Ministers scrambled to recover from the political hit they had taken. There has been a flurry of parliamentary statements, top-level meetings both in India and the UK, and declarations of support for the steel-making communities in what used to be considered Britain’s industrial heartlands. Even Prince William, on an official visit to India with his wife Catherine, made a point of raising the issue over lunch with Narendra Modi.
For Sajid Javid in particular, it has been a career-defining experience. A relative newcomer to high office, he has long been tipped as the man most likely to become the UK’s first prime minister of South Asian descent. The British-born son of Pakistani parents, he has risen from relatively humble beginnings (his father was a bus driver) to become first, a very successful banker and then, a political high-flyer. This was by far the biggest test of his career.
Javid’s first move on arriving back in the UK was to travel to Port Talbot in South Wales, site of Tata’s biggest plant employing some 4,000 people. It has been estimated that as many as 40,000 jobs were put on the line by the Tata decision, 15,000 on the books of Tata Steel itself and another 25,000 in the supply chain. It was preserving their jobs, not Javid’s, that concerned the nation. Nevertheless, questions were being asked about whether he could and should have done more to avert the crisis.
Local union leaders and members of parliament said it was common knowledge on the ground that Tata was about to announce its pull-out. If he was so smart, and understood the business world as well as he claimed to do, why hadn’t he known too?

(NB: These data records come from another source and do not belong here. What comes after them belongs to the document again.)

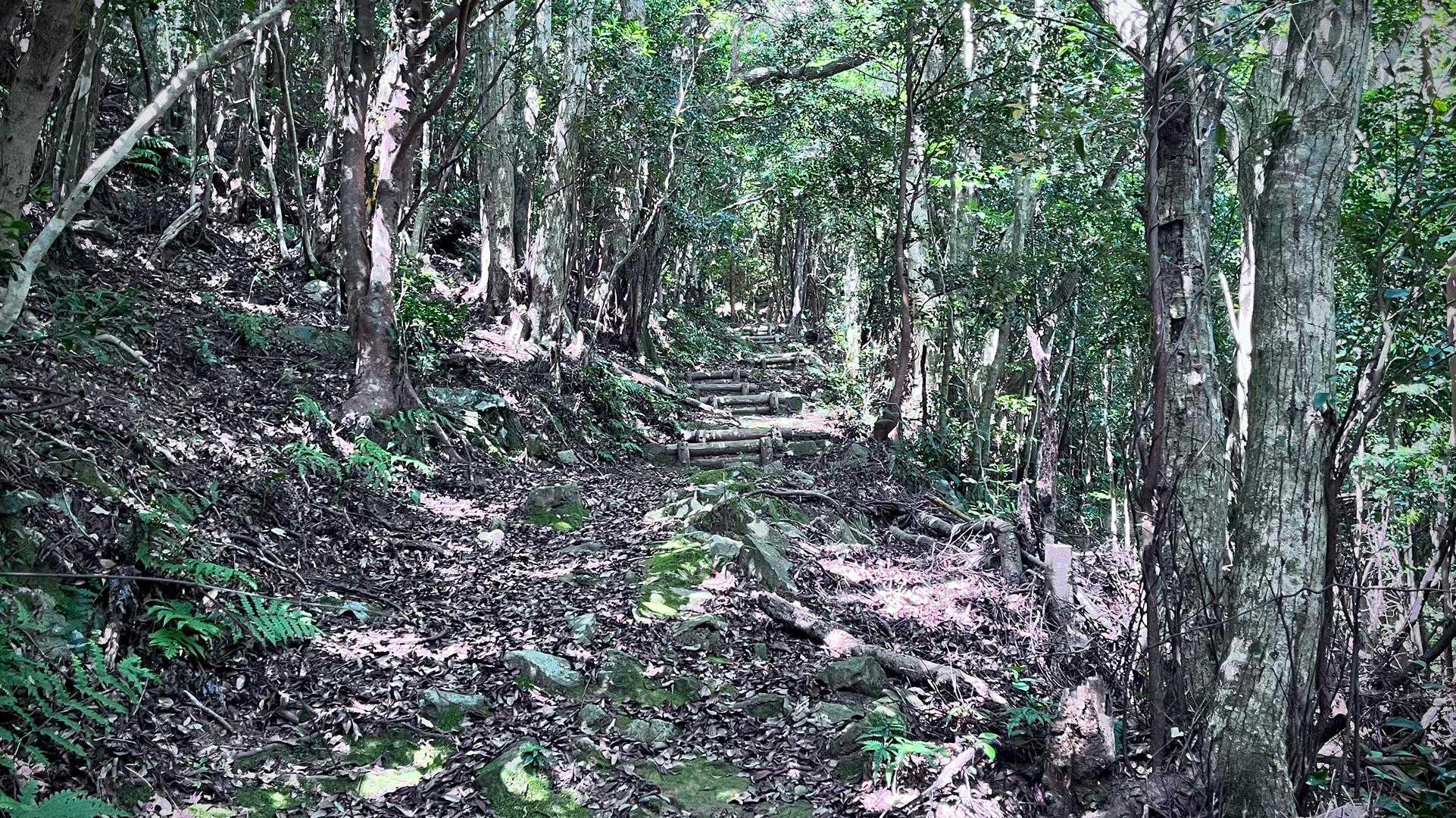登山道は歩きやすいです
トンガリ山ですので 後半戦は急登になります💦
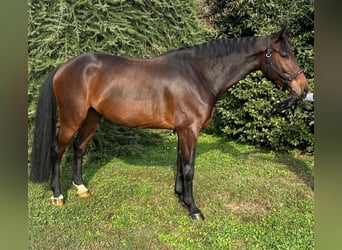 Zangersheider, Wallach, 7 Jahre, 165 cm, Brauner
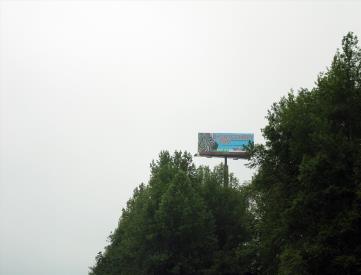 W/S I-65 5 MI. S/O HWY. 145 F/N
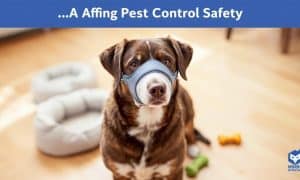 How to Keep Your Dog Safe During Pest Control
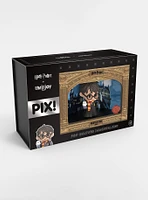 Thrilljoy Harry Potter Pix! Premium Collectible Figure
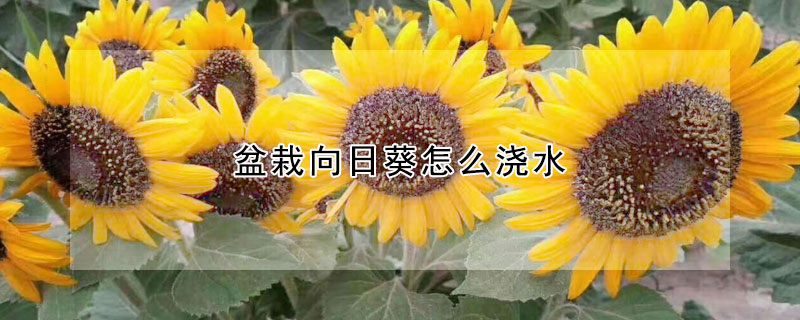 盆栽向日葵怎么澆水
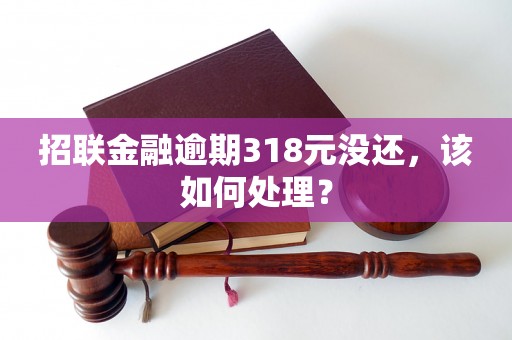 招联金融逾期318元没还，该如何处理？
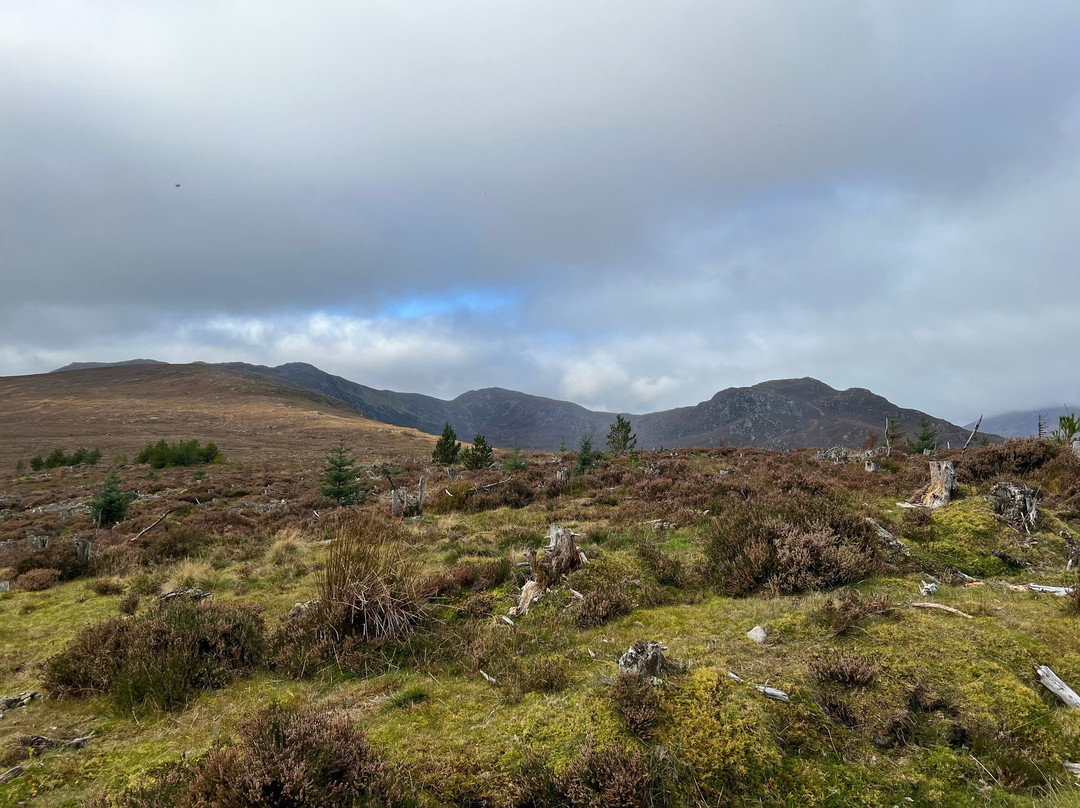 Highland Trekking and Trail Riding-Cannich必去景点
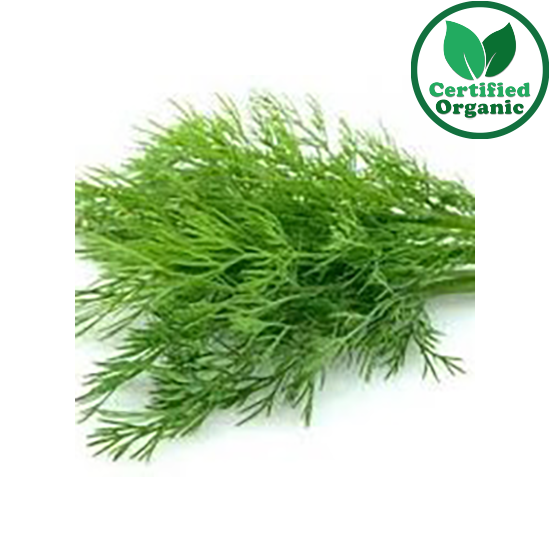 Organic Herb Dill Bunch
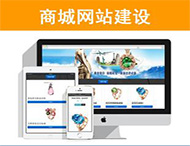 商城網(wǎng)站建設有哪些功能？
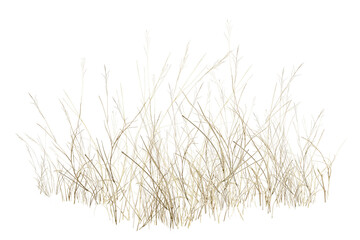 grass isolated on white background/Dry wild grass isolated on a white background, featuring delicate stems and natural earthy tones, suitable for nature, landscape, and minimal design concepts.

The truth is that he did know the writing was on the wall for Tata’s steel interests in the UK, but hadn’t expected the announcement to come quite so soon. The figures spoke for themselves. The company’s UK plants were said to be losing a million pounds a day. Back in February, Tata’s European operations reported a loss in the first nine months of its financial year before interest and tax of Rs 2,100 crore, with most of the losses due to the UK arm.
So when the workers took to the streets to demand action, their fury was not directed at Tata itself. The company has a good reputation for caring about the communities in which it operates. They had invested heavily in an effort to modernise their steelworks and make them internationally competitive. Cyrus Mistry, who is personally close to Ratan Tata, the man he succeeded in 2012 at the helm of the company, pushed ahead with a new multi- million pound blast furnace at Port Talbot when more cautious heads were advising against such a risky investment.
It had been Tata’s decision to purchase the British steelworks back in 2007 as part of his campaign to develop the company as a major global player. It was at the height of the commodity price boom before the international financial crisis and it didn’t come cheap. Today the plants are worthless, saddled with debt and massive pension liabilities. A provisional deal to sell off another Tata plant in Scunthorpe, in the north-east of England, to a management-backed consortium for one pound brought some hope, but finding a buyer for the Port Talbot plant remains a formidable challenge.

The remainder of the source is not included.